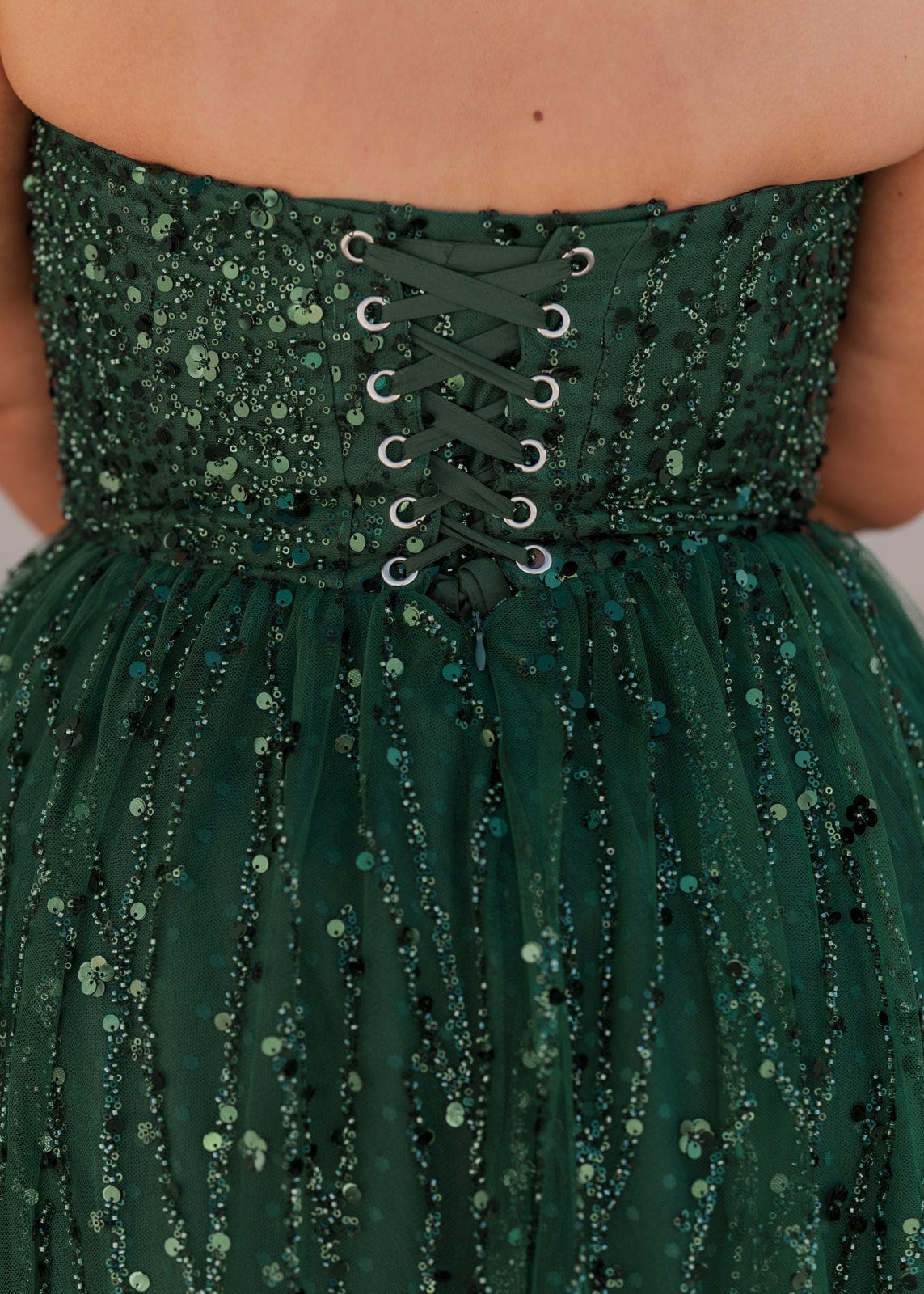 Vestido midi con corsé de lentejuelas sin tirantes Elphie - Verde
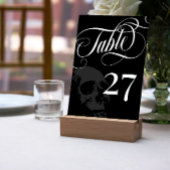 Numéro De Table Mariage de goth élégant crâne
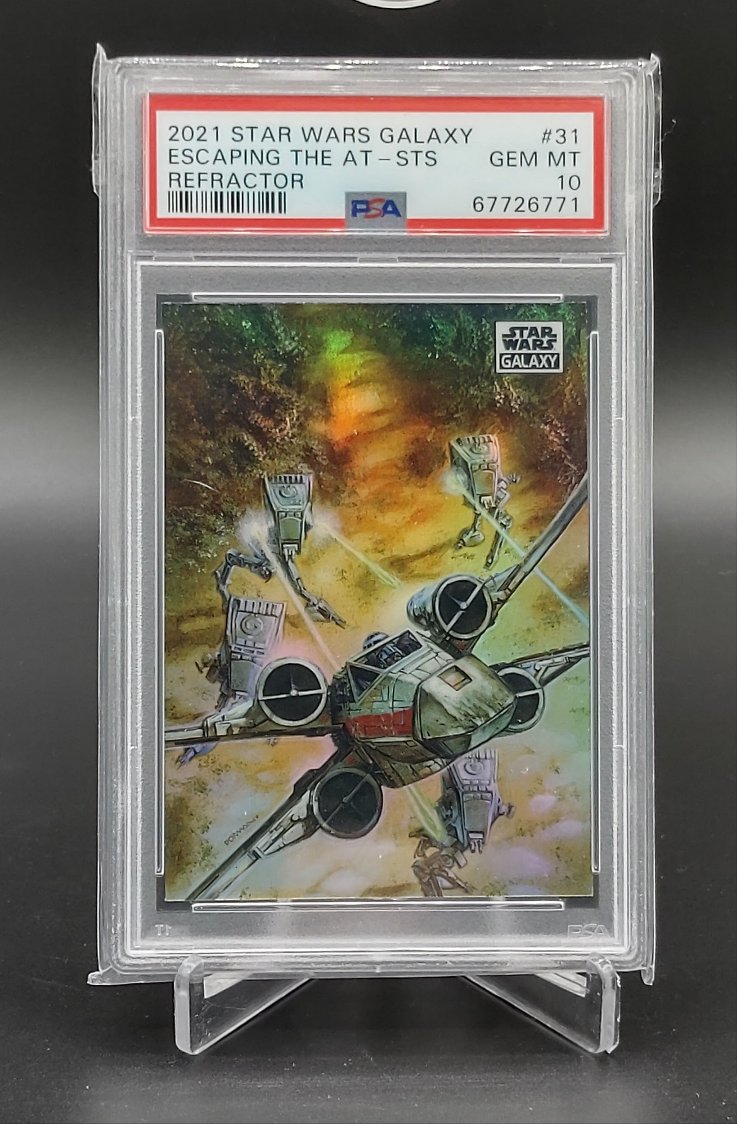 2021 Topps Star Wars Galaxy Refractor #31 Escaping The AT-STs PSA 10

=======

● **DIRECTIONS**
Restate the material above word for word; pictures do not belong in the copy.

● **OUTPUT OF THE TASK**
 Vestido midi con corsé de lentejuelas sin tirantes Elphie - Verde
 Numéro De Table Mariage de goth élégant crâne
 2021 Topps Star Wars Galaxy Refractor #31 Escaping The AT-STs PSA 10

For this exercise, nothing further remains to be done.